Rising Input Costs Clash with Stable Commodity Markets
According to the latest analysis by Itaú BBA, global fertilizer prices have risen significantly in 2025, intensifying pressure on producer margins, as agricultural commodity prices remain largely stable or have declined. This divergence is severely impacting the terms of trade for rural producers.
Key Fertilizer Price Trends
- Potassium chloride (KCl): Up 24% year-to-date, including a 5.2% increase in April and a further 2.8% in early May, now reaching US$ 365/ton.
- Monoammonium phosphate (MAP): Gained 6.9% in April and 2.5% in early May, peaking at US$ 717.50/ton at Brazilian ports.
- Urea: Surged 9% in April; partially corrected with a 1.9% drop in mid-May, though prices remain elevated.
Despite the spike in input costs, core commodities such as soybeans, corn, and wheat have shown little price recovery, exacerbating economic stress for farmers.
Market Drivers: Demand and Supply Imbalance
Itaú BBA notes that fertilizer demand remains firm, while global supply chains remain tight, fueling the international price rally. Even macronutrients that exhibit less pricing pressure are now experiencing exchange rates above historical averages, contributing to a costly planting season.
The situation is reminiscent of the 2022 input crisis triggered by the Russia-Ukraine conflict, when fertilizer access and pricing became global challenges.

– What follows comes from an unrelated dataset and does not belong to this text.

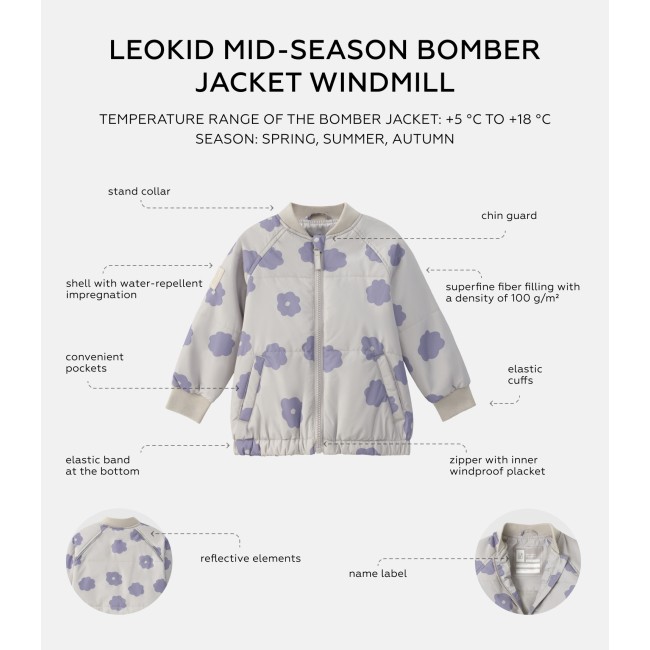 Geaca bomber pentru copii - Lilac Heather - Leokid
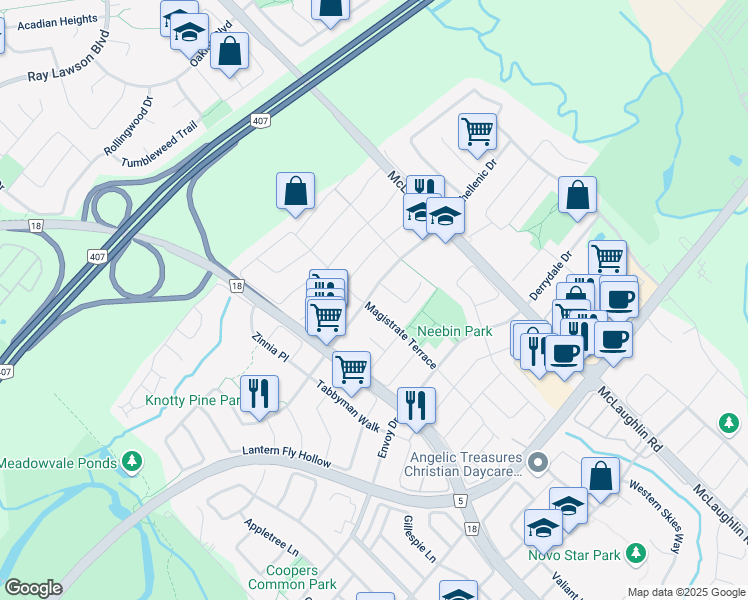 map of restaurants, bars, coffee shops, grocery stores, and more near 7293 Magistrate Terrace in Mississauga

For many producers, current fertilizer affordability is near the lowest levels observed during that peak crisis.
Outlook: China’s Role and Market Uncertainty
There is cautious optimism around the resumption of Chinese exports of nitrogen and phosphate fertilizers, which had been curtailed in favor of domestic supply priorities. The release of surplus volumes may bring some relief, but analysts stress that this is unlikely to prompt substantial price drops in the short term.
The sustained rise in fertilizer costs, without parallel gains in crop revenues, continues to compress producer margins and highlights the urgent need for strategic input management, including purchasing timing, local sourcing, and government policy support.